The crux of Trump v. Anderson boils down to this: Should a former commander in chief be disqualified from seeking the presidency again if he engaged in insurrection?
The answer to that question — and even the premise of the question itself — has sparked furious debates among lawyers, law professors and historians. Many of those disputes revolve around two contested subjects: the definition of insurrection, and the true meaning of the 14th Amendment to the U.S. Constitution.
That amendment — passed in 1866 and ratified in 1868 — is probably best known for its first section, which stated that all Americans should receive equal protection under the law. But the amendment’s third section took up a different issue: what to do with former members of the Confederacy who had “engaged in insurrection” — or had given “aid or comfort” to insurrectionists — and now wanted to hold elected office in the government they had fought against.

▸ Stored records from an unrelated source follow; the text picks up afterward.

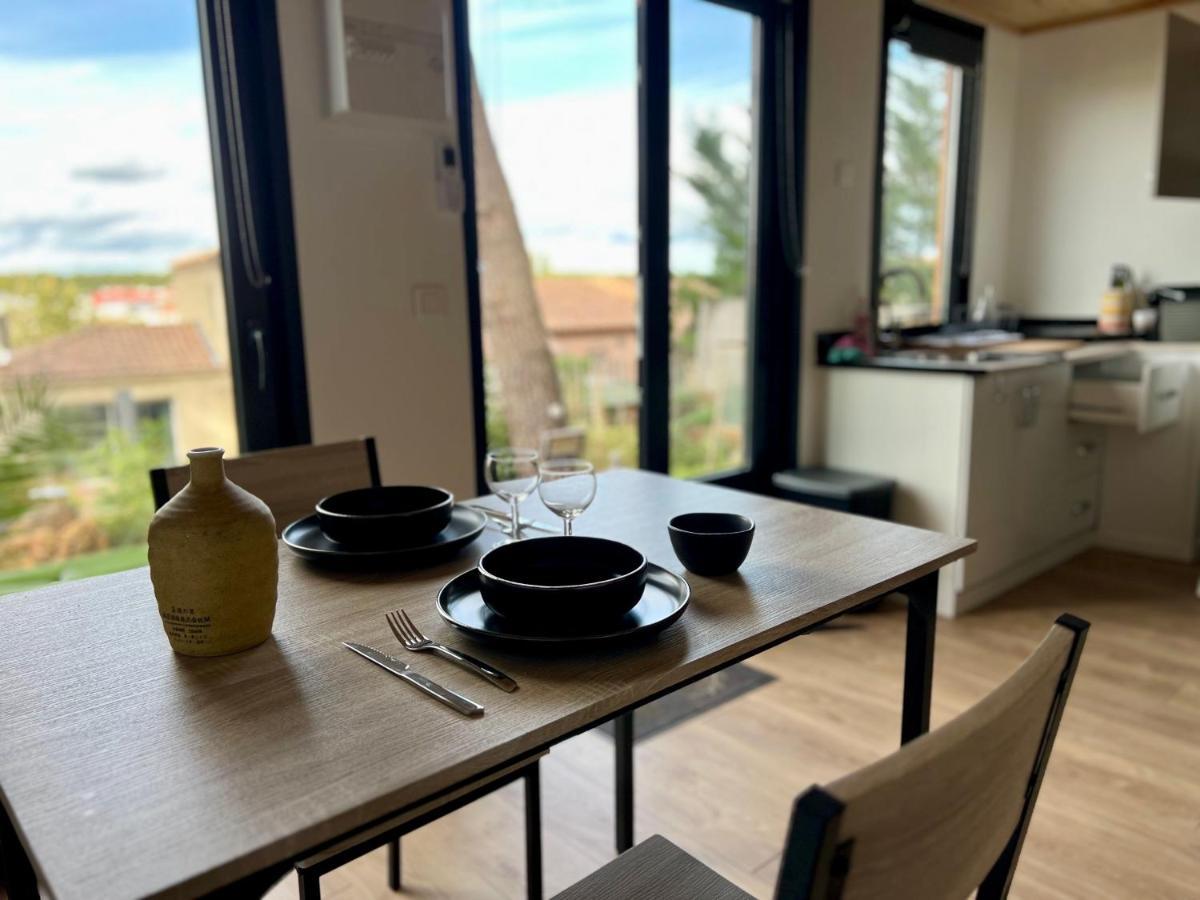 Charmant Studio Lodge Climatise Avec Jardin Et Vue Sur Le Pic Saint Loup Jacou Exterior foto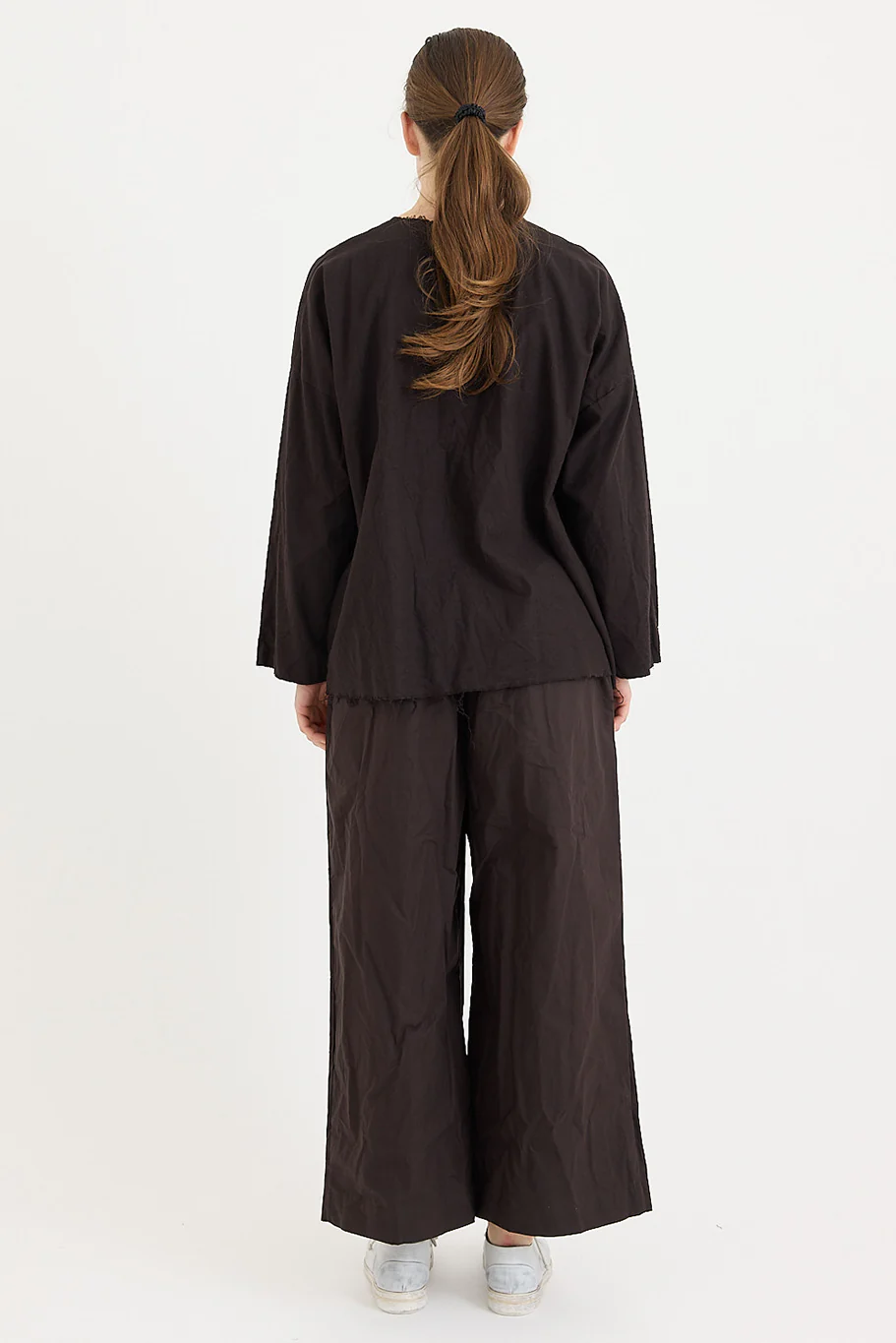 SCHA - Waxed Cotton - Deep Pockets - Wide Leg Pant - Image 6
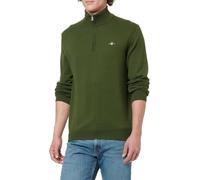 GANT CTN/WO Half Zip, Country Green, 3XL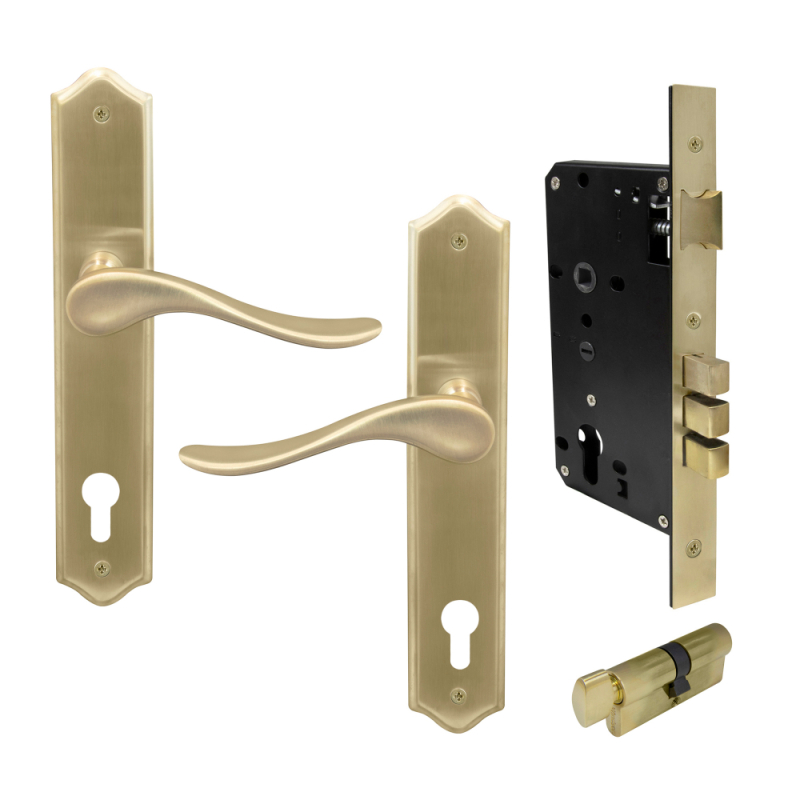 Unlacquered Satin Brass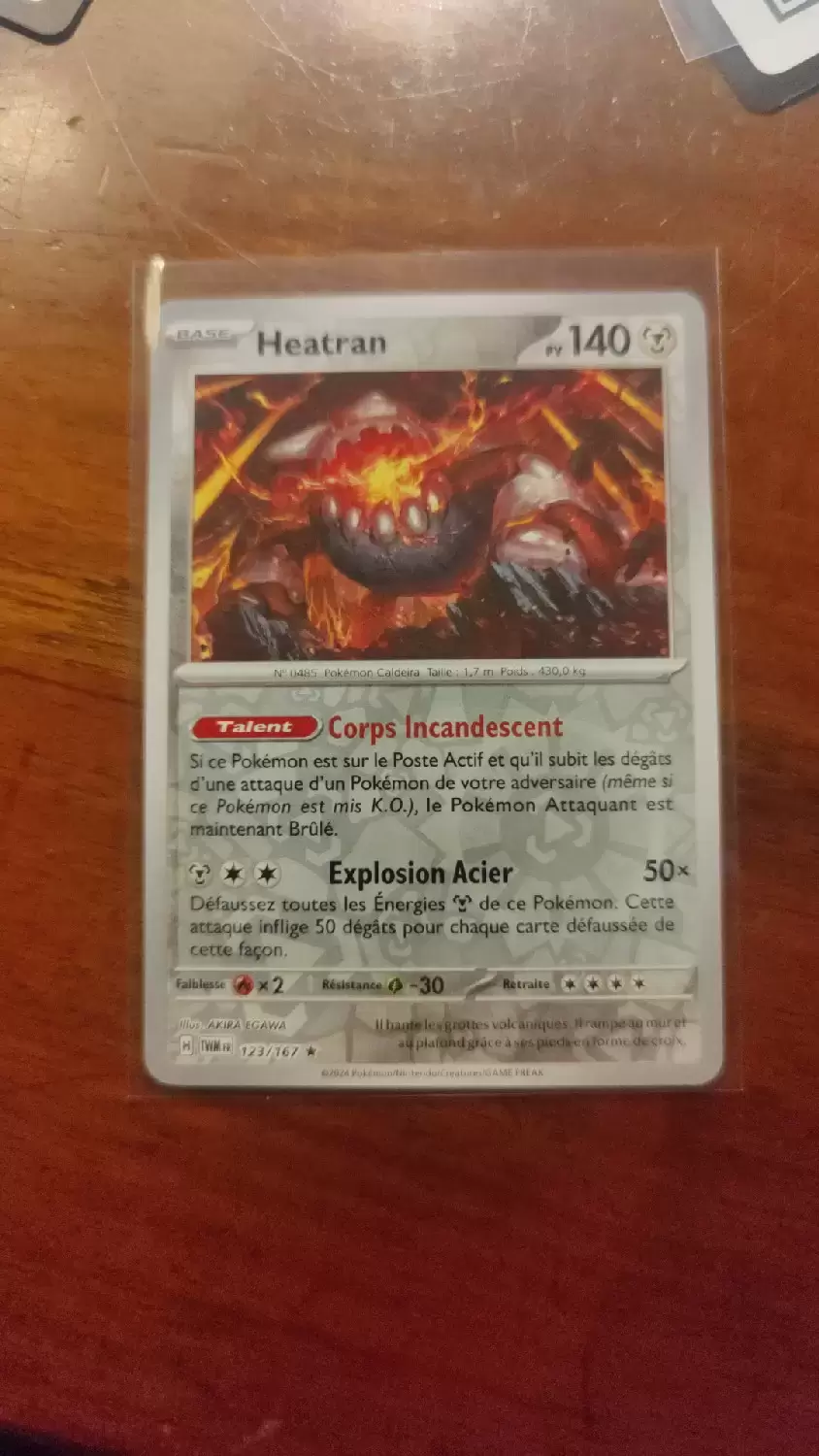 Twilight Mascarade - TWMEN - Heatran Reverse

More than 150 years later, a constitutional fix crafted with Jefferson Davis in mind is being used to argue that former President Trump is ineligible to be president again. There is no clear precedent in the case. The text of the 14th Amendment’s third section is confusing and vague. The range of potential decisions by the high court is vast. But whatever the court decides, the ruling will have enormous implications for American democracy.
How Did We Get Here?Last September, six Colorado voters — four registered Republicans and two independents — filed a lawsuit that said Trump was disqualified from appearing on Colorado’s 2024 Republican primary ballot because he’d engaged in insurrection on Jan. 6, 2021, and thus, under Section 3 of the 14th Amendment, could no longer seek the presidency.
After months of legal wrangling, the case went before the Colorado Supreme Court. A majority of the panel, in a 4-3 decision, stunned the country by concluding that Trump had engaged in insurrection, that his fiery rhetoric was not protected speech under the First Amendment and that Trump could not appear on the ballot in Colorado’s........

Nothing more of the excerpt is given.